Rates remain low for home loans, though are creeping up steadily and home values are on the rise as the percentage of properties for sale which are foreclosures, bank-owned, and short sales falls. With less distressed properties pushing down prices, home prices are going up. This, not to mention the fact that banks are wanting to add to their book business in order to move on from the lingering effects of the national economic downturn.
What you might not know is the fact that financial institutions, especially banks, are still in a state of recovery because they are dealing with the lasting effects of defaulted debt instruments. Hundreds of millions of dollars in defaulted mortgages, business loans, lines of credit, car loans, and more went unpaid by hundreds of thousands consumers. However, though banks are eager to make new loans, they are quite cautious about who they approve, and, will turn down some home loan applicants.
Your Debt-to-Income Ratio
One of the best measurements of how much you can afford in the form of a home loan is your DTI or Debt to Income ratio. This figure is the difference between your gross monthly income and your monthly obligations. Lenders like to see that number under 43 percent, but prefer it to be about 35 percent because it gives borrowers room.
“Evidence from studies of mortgage loans suggest that borrowers with a higher debt-to-income ratio are more likely to run into trouble making monthly payments. The 43 percent debt-to-income ratio is important because, in most cases, that is the highest ratio a borrower can have and still get a Qualified Mortgage.” —Consumer Financial Protection Bureau
Among a wave of new federal banking regulations and consumer protection efforts, borrowers with a debt to income ratio of more than 43 percent, even with sterling credit and a hefty down payment likely will not qualify for a mortgage.

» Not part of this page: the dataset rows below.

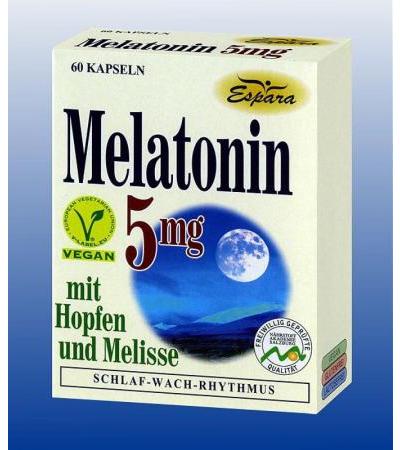 Espara Melatonin 5mg Kapseln 60 Stk.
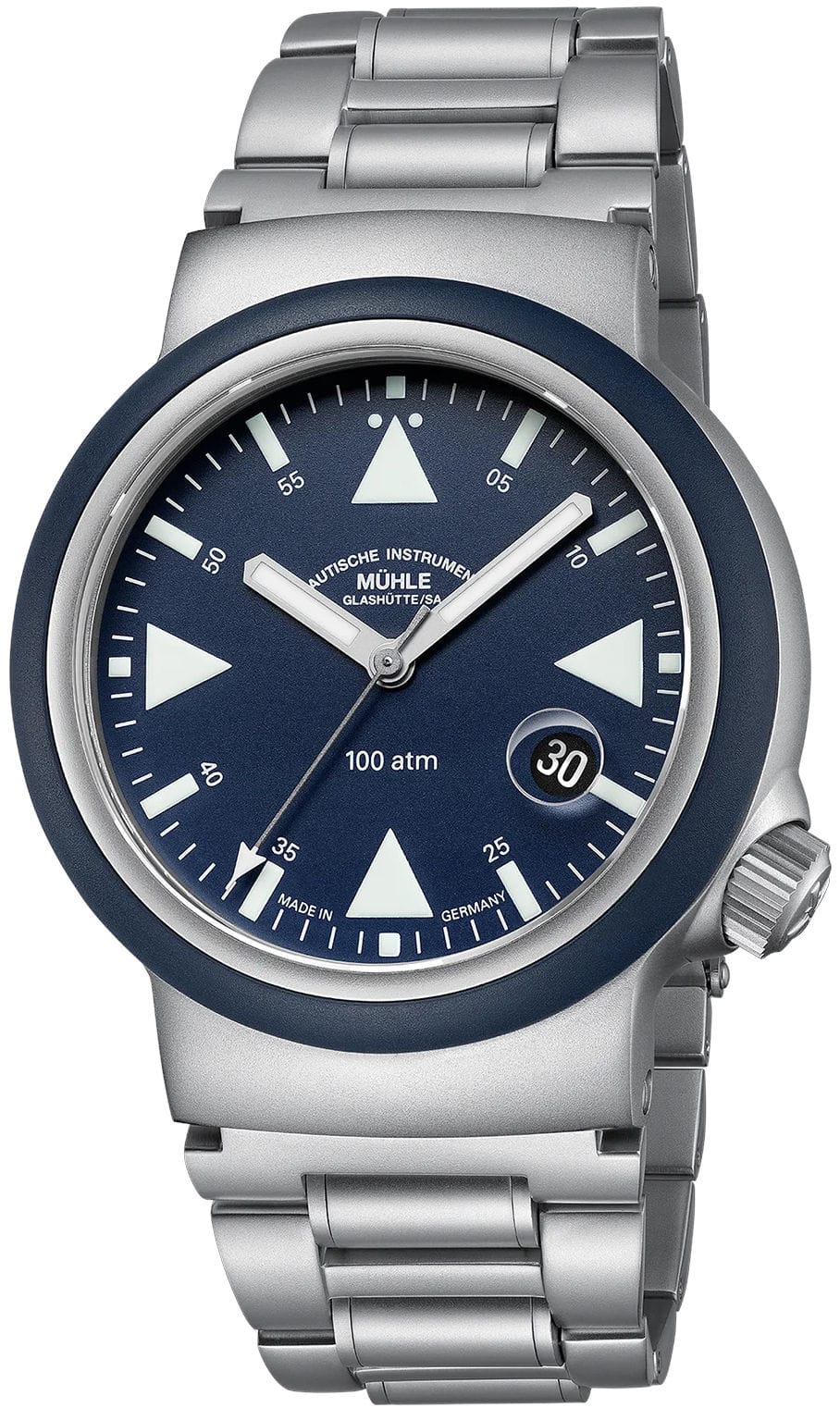 Mühle Glashütte M1-41-02-MB-II S.A.R Rescue Timer Nautical Blue On Bracelet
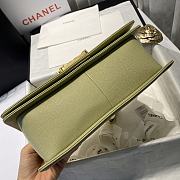 Chanel | Le Boy Chevron Old Medium Mint Bag - A67086 - 5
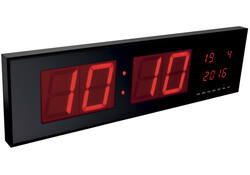 Wandklok Perel met LED display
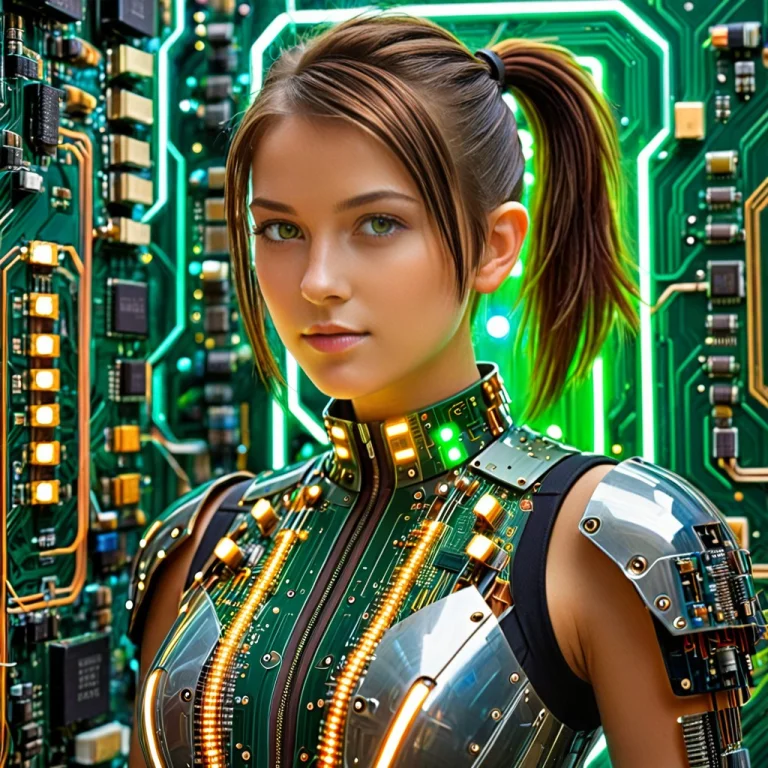 A Lively Technological Scene Dominated By Transistors, Featu...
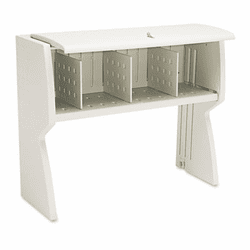 ICE92853 Aspira Hutch, Resin, 43-1/2w x 16-1/4d x 36h, Platinum By ICEBERG ENTERPRISES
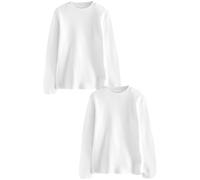NEXT Ragazzo Confezione da 2 Maglie Termiche a Maniche Lunghe Bianco 5 Anni-6 Anni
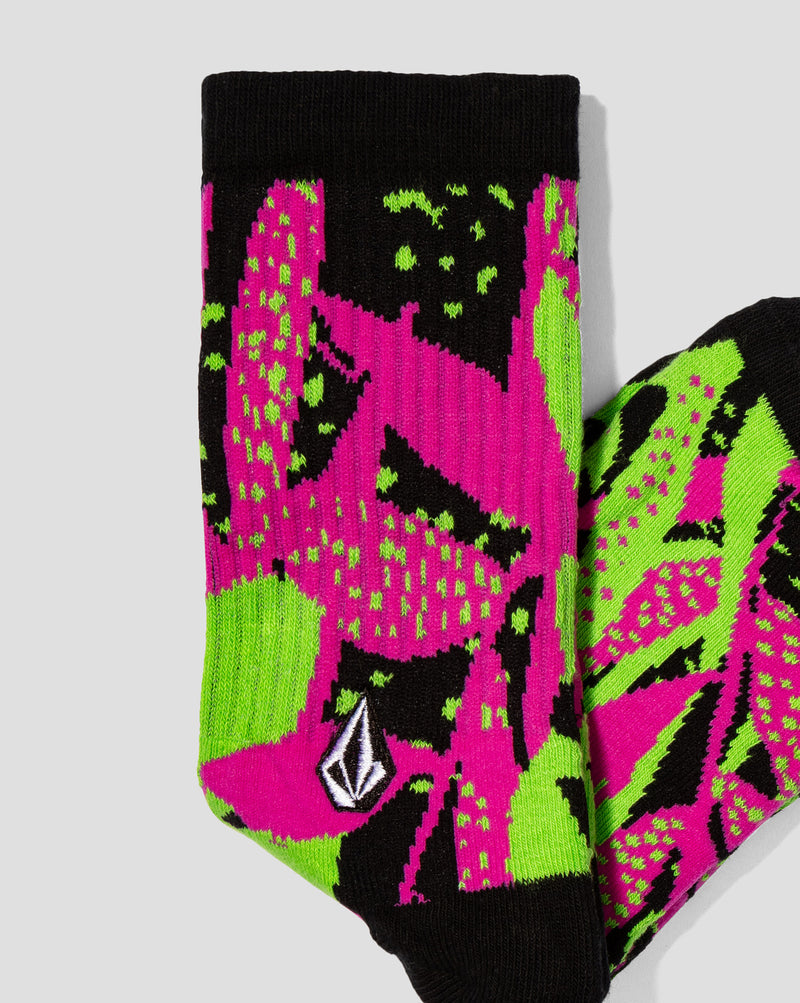 Meia Volcom Shred Stone Multi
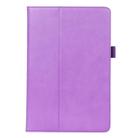 For Huawei MatePad 10.8 (2020) Business Retro Texture Horizontal Flip Leather Case with Holder & Card Slots & Hand Strap(Purple) - 2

This means, of course, that it’s quite important to get your DTI in check and lower it as much as possible. Doing that starts with paying off lines of credit, building up your savings account, and streamlining other monthly obligations. A new car loan will inflate your DTI, and, that’s a bad thing.
Your Credit File, Score, and Mortgage Approval
To improve your credit score, you’ll have to review each report produced by the three credit bureaus: Experian, Equifax, and TransUnion. Your credit reports can be obtained free of charge once a year through Annual Credit Report.com.
You’ll want to go over each one with a fine-tooth comb and mail in letters, along with proof for each dispute on your report. Do not use the online dispute system because they do not contain enough space to explain the situation and not enough space to include proof of inaccuracies.
Of course, a car loan can be a good thing to improve your credit score; but, it has to be “aged”. In other words, if you’re considering applying for a home loan, wait at least twelve months after financing a new car. This will up your credit score and put at least some of the balance obligation behind.
It’s best to wait longer, about halfway into the loan or longer, to take time to payoff lines of credit and build-up your savings. Frankly, a high monthly car payment can do a lot to keep you from qualifying for a mortgage. For instance, a payment of $430 can reduce your borrowing power by as much as $100,000.